Women are still vastly underrepresented in the financial world and in their investment behavior. Yet decentralized finance (DeFi) can offer a way to break financial dependencies. A conversation about women in finance and crypto with financial blogger Margarethe Honisch.
After all, poverty disproportionately impacts women – all over the world. This is supported by various factors, such as a lack of education regarding how to handle finances. But cultural circumstances and family structures also often prevent women from making their own financial decisions. The effects and reasons for women’s underrepresentation in the cryptocurrency space are thus closely intertwined.
While women struggle against their financial powerlessness, especially in developing countries, cryptocurrencies could be a step towards financial freedom. The decentralized financial world offers opportunities to break through financial dependency. Even in countries where people live in much greater affluence, it is a matter of existence for women to take care of their own finances.
A conversation with Margarethe Honisch, founder of the finance platform Fortunalista, about women, investment behavior and why it is so important, especially for women, to take care of their own finances.
CVJ:CH: How did you find your way into the investment world? What were your first steps?
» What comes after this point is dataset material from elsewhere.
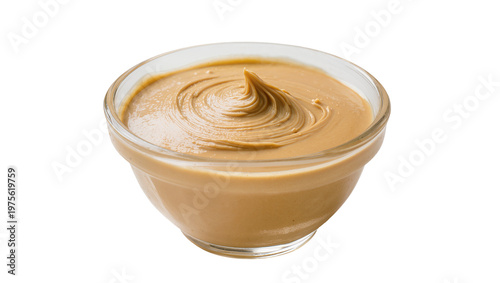 Foto Smooth peanut butter swirled in a clear glass bowl, isolated on transparent back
Ultimately out of bad conscience. I fell into the classic lifestyle inflation: the more I earned, the more I spent. At some point, a rethink took place and I realized that I couldn’t go on like this. The first steps were then directly the visits to appropriate seminars to acquire knowledge straight from professionals. The first step to investing was then quite classically an ETF savings plan.
You have built a large community of women interested in finance. What have you learned along the way?
Women often have different needs and different issues than men, and this is evident in many facets. For example, women are generally considered to be more risk-averse. But due to the gender pay gap, many also have less money at their disposal. This naturally raises the question: are women really risk-averse, or do they not have to be more conscious and careful with their investments because of the general conditions? These are aspects that many banks do not take into account in their offers. That’s why it’s important to me to impart knowledge in my courses in such a way that every woman can apply it individually to her personal situation.
Why do 60% of women leave finances to their partners?
Unfortunately, this is the problem of low self-efficacy. In other words, women are not confident that they can successfully manage their money and plan their finances themselves. Thinking “I can’t do it anyway”, they prefer to pass on the responsibility. Of course, this is only a general statement, but the figures are alarming. Many only realize after the death or divorce of their partner that they are not as well protected as they thought. According to a UBS study, 72% of them experience a negative financial surprise afterwards. In addition one must say: The men do not always in bad intention. Some don’t know any better themselves and prefer to keep quiet about the fact that the family money has been badly invested.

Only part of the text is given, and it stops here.